Task item => The data below has to be returned exactly, down to the last character.
═════ Raw data
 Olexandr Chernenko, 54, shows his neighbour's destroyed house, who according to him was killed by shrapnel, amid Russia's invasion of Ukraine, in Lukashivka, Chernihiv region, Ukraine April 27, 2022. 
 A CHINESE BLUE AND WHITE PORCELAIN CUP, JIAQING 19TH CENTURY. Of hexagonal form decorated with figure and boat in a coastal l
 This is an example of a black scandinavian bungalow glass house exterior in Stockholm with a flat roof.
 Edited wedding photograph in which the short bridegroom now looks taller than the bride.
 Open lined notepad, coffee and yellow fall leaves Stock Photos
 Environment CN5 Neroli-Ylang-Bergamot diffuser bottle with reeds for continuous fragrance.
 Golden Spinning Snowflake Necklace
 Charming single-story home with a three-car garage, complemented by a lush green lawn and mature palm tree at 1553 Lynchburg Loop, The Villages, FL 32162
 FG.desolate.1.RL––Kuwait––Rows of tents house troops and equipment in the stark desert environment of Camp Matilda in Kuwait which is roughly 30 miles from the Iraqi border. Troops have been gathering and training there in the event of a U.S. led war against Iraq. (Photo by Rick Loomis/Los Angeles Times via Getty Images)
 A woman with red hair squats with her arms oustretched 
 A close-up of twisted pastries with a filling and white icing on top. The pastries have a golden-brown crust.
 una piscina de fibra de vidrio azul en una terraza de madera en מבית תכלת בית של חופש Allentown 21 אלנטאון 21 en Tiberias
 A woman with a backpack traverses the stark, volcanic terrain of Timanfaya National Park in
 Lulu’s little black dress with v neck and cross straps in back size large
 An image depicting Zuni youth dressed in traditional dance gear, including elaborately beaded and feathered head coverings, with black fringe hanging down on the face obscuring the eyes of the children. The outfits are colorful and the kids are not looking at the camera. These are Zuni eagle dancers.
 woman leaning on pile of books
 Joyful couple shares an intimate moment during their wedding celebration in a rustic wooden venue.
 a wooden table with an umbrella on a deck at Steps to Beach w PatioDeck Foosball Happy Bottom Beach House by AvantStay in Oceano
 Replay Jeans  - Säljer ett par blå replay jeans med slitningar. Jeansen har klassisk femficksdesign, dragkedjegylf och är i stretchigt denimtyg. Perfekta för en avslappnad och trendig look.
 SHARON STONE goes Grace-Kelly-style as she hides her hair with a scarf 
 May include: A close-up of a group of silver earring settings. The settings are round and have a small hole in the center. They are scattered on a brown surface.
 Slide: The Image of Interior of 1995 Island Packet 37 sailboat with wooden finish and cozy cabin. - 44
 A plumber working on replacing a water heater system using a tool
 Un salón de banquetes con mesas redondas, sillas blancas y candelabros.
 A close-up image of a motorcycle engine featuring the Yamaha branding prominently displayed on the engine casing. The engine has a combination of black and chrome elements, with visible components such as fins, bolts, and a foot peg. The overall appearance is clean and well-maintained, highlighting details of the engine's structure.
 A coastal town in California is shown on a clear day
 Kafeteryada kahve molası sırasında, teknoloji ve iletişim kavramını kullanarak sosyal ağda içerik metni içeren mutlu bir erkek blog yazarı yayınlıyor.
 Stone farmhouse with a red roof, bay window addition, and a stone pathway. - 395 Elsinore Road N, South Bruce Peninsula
══════════
Your response =>
 Olexandr Chernenko, 54, shows his neighbour's destroyed house, who according to him was killed by shrapnel, amid Russia's invasion of Ukraine, in Lukashivka, Chernihiv region, Ukraine April 27, 2022. 
 A CHINESE BLUE AND WHITE PORCELAIN CUP, JIAQING 19TH CENTURY. Of hexagonal form decorated with figure and boat in a coastal l
 This is an example of a black scandinavian bungalow glass house exterior in Stockholm with a flat roof.
 Edited wedding photograph in which the short bridegroom now looks taller than the bride.
 Open lined notepad, coffee and yellow fall leaves Stock Photos
 Environment CN5 Neroli-Ylang-Bergamot diffuser bottle with reeds for continuous fragrance.
 Golden Spinning Snowflake Necklace
 Charming single-story home with a three-car garage, complemented by a lush green lawn and mature palm tree at 1553 Lynchburg Loop, The Villages, FL 32162
 FG.desolate.1.RL––Kuwait––Rows of tents house troops and equipment in the stark desert environment of Camp Matilda in Kuwait which is roughly 30 miles from the Iraqi border. Troops have been gathering and training there in the event of a U.S. led war against Iraq. (Photo by Rick Loomis/Los Angeles Times via Getty Images)
 A woman with red hair squats with her arms oustretched 
 A close-up of twisted pastries with a filling and white icing on top. The pastries have a golden-brown crust.
 una piscina de fibra de vidrio azul en una terraza de madera en מבית תכלת בית של חופש Allentown 21 אלנטאון 21 en Tiberias
 A woman with a backpack traverses the stark, volcanic terrain of Timanfaya National Park in
 Lulu’s little black dress with v neck and cross straps in back size large
 An image depicting Zuni youth dressed in traditional dance gear, including elaborately beaded and feathered head coverings, with black fringe hanging down on the face obscuring the eyes of the children. The outfits are colorful and the kids are not looking at the camera. These are Zuni eagle dancers.
 woman leaning on pile of books
 Joyful couple shares an intimate moment during their wedding celebration in a rustic wooden venue.
 a wooden table with an umbrella on a deck at Steps to Beach w PatioDeck Foosball Happy Bottom Beach House by AvantStay in Oceano
 Replay Jeans  - Säljer ett par blå replay jeans med slitningar. Jeansen har klassisk femficksdesign, dragkedjegylf och är i stretchigt denimtyg. Perfekta för en avslappnad och trendig look.
 SHARON STONE goes Grace-Kelly-style as she hides her hair with a scarf 
 May include: A close-up of a group of silver earring settings. The settings are round and have a small hole in the center. They are scattered on a brown surface.
 Slide: The Image of Interior of 1995 Island Packet 37 sailboat with wooden finish and cozy cabin. - 44
 A plumber working on replacing a water heater system using a tool
 Un salón de banquetes con mesas redondas, sillas blancas y candelabros.
 A close-up image of a motorcycle engine featuring the Yamaha branding prominently displayed on the engine casing. The engine has a combination of black and chrome elements, with visible components such as fins, bolts, and a foot peg. The overall appearance is clean and well-maintained, highlighting details of the engine's structure.
 A coastal town in California is shown on a clear day
 Kafeteryada kahve molası sırasında, teknoloji ve iletişim kavramını kullanarak sosyal ağda içerik metni içeren mutlu bir erkek blog yazarı yayınlıyor.
 Stone farmhouse with a red roof, bay window addition, and a stone pathway. - 395 Elsinore Road N, South Bruce Peninsula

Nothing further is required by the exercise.